Em alguns lugares do planeta, citando como exemplo o Gran Canyon dos Estados Unidos, é possível enxergar a olho nu essa sucessão de camadas de rochas. Falando a grosso modo e de forma metafórica, a superfície do nosso planeta se parece com uma grande cebola, vegetal que possui uma sucessão de camadas em sua casca.
Até bem pouco tempo atrás, todos os registros estratigráficos se caracterizavam por formações naturais de rochas e fósseis. De alguns anos para cá, entretanto, muitos sedimentos dos solos passaram a apresentar interferência humana. Um elemento que se faz cada vez mais presente nos solos são os resíduos de plástico.
Pesquisadores da UFPR – Universidade Federal do Paraná, e de outras instituições de pesquisa brasileiras publicaram um artigo no periódico Marine Pollution Bulletin, da plataforma ScienceDirect, onde detalham a descoberta de rochas formadas por resíduos plásticos na Ilha da Trindade, a maior ilha de um arquipélago brasileiro localizado a cerca de 1.140 km de Vitória, capital do Espírito Santo.
Trindade é de origem vulcânica e forma uma das mais importantes reservas biológicas do Atlântico Sul e uma Unidade de Monumento Natural Brasileiro. A ilha é administrada pela Marinha do Brasil e tem acesso restrito a militares do órgão e a pesquisadores credenciados.
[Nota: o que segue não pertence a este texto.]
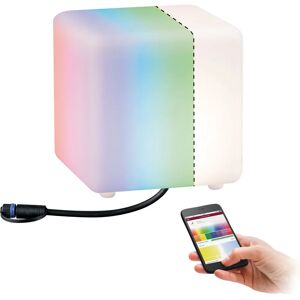 Paulmann Utomhus Golvlampa LED - IP67, Zigbee Paulmann Utomhus Golvlampa LED - IP67, Zigbee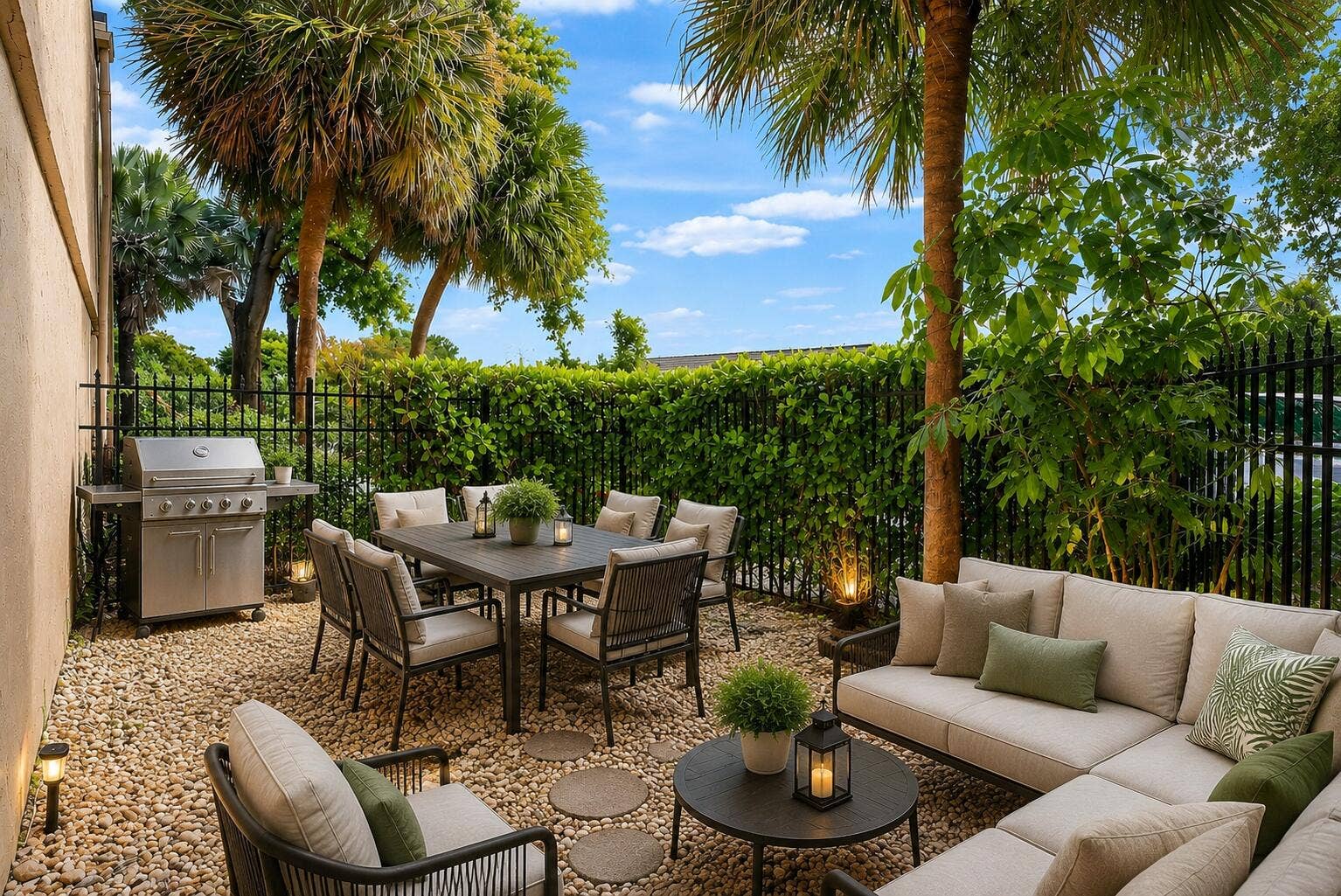 5664 Santiago Circle, Boca Raton, FL 33433 PNG image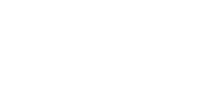 popsugar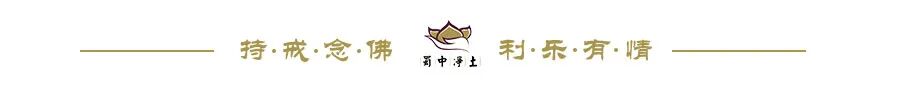 203018gbcccc94pip2pw4b.jpeg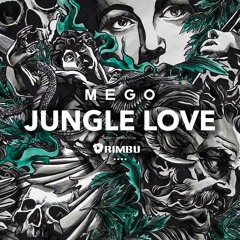Jungle Love (Original Mix)
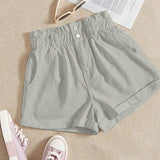 1743404407c7a280689295f68b7667f0717a5a5b05_thumbnail_900x.webp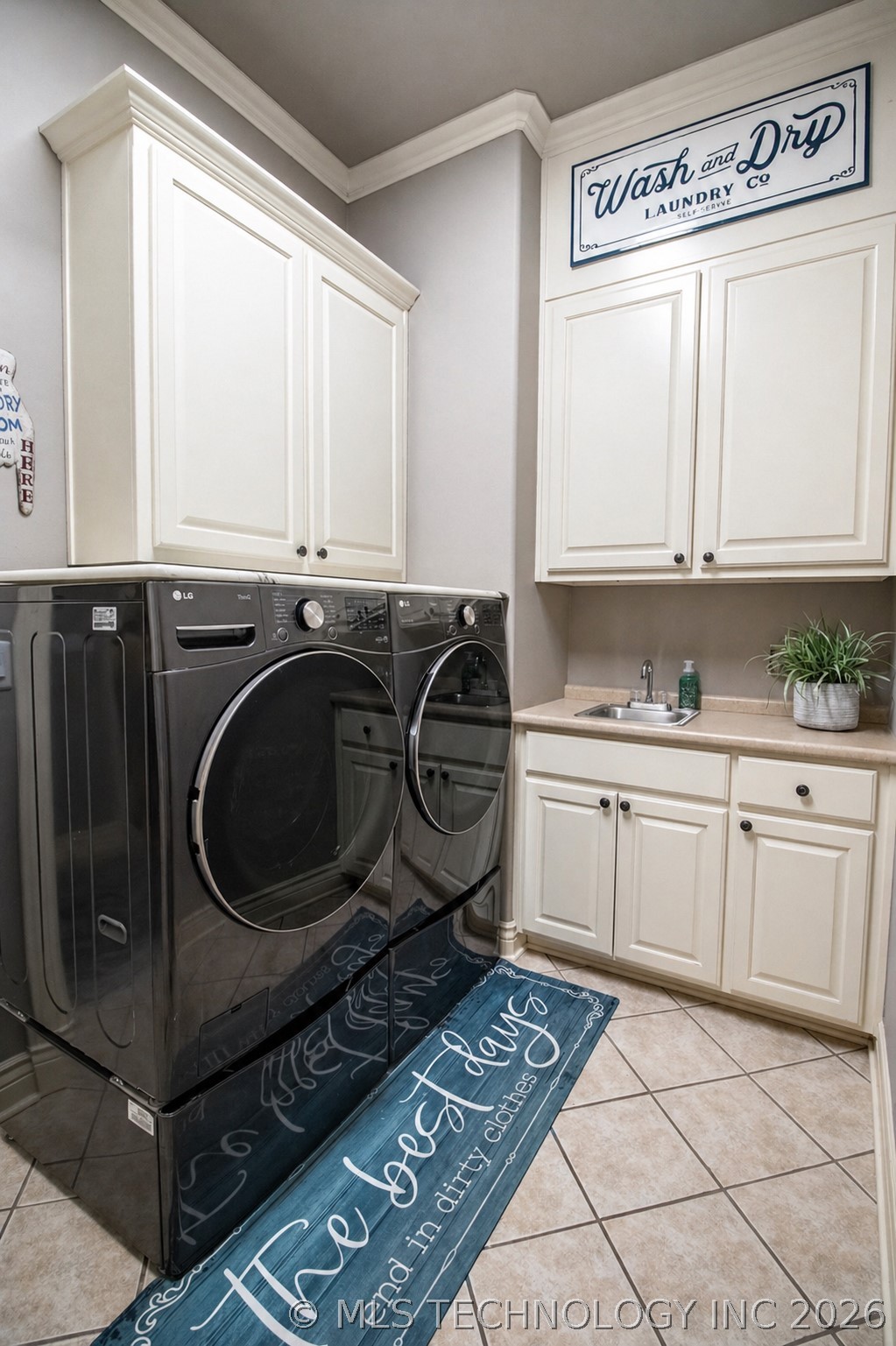24206 N 3962 Road Property Photo 45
A pesquisa Fernando Avelar Santos, doutoranda do Programa de Pós-Graduação da UFPR, encontrou rochas formadas por plástico durante um trabalho de mapeamento geológico na Ilha da Trindade. Essas rochas foram encontradas num local conhecido como Parcel das Tartarugas e surpreendem por terem uma aparência idêntica as rochas naturais.
Essa descoberta se deu em 2019 e, de acordo com as análises feitas em laboratório, essas “rochas de plástico” se formaram no máximo duas décadas antes. Apesar de ser a primeira vez que se descreve esse tipo de ocorrência no Brasil, ela não é inédita no mundo – o primeiro relato desse tipo de descoberta se deu no Havaí em 2014.
De acordo com o artigo, o processo de formação dessas “rochas de plástico” é bastante rápido (quando comparados aos processos geológicos naturais) e dependem de três etapas: existência de lixo plástico no ambiente marinho, arranjo e disposição dos resíduos plásticos numa praia e aumento da temperatura no ambiente, por exemplo através do fogo, para formar o cimento plástico.
Essa massa de plástico derretido se liga as rochas naturais existentes na praia, onde passa a sofrer um desgaste natural pela força das ondas e pelo atrito com sedimento presentes na água. É esse desgaste que dá um aspecto de “rocha natural” aos resíduos plásticos.
Os resíduos plásticos estão no topo da lista das ameaças aos oceanos. De acordo com estudos da organização ambientalista WWF – World Wildlife Fund, cerca de 10 milhões de toneladas de resíduos de plástico chegam aos oceanos todos os anos. Esse volume corresponde a 1/10 de toda a produção de plástico do mundo.
Esses resíduos, entre inúmeros outros problemas, prejudicam o ciclo de vida das algas e microalgas, organismos que precisam receber luz solar para sobreviver. Somado a outros problemas como os resíduos flutuantes de óleo nas águas, essa poluição está destruindo gradativamente parte importante da produção de oxigênio do planeta. Só para relembrar – as algas e microalgas dos oceanos produzem 54% do oxigênio disponível no mundo.
O plástico é uma matéria prima muito barata, sendo um subproduto do refino do petróleo. É facilmente moldável e permite a produção de peças bonitas, com acabamento impecável e extremamente fáceis de montar. As embalagens plásticas são práticas de usar, podem ser fechadas hermeticamente, sem agregar qualquer cheiro característico ou sabor ao produto embalado, especialmente no caso de alimentos.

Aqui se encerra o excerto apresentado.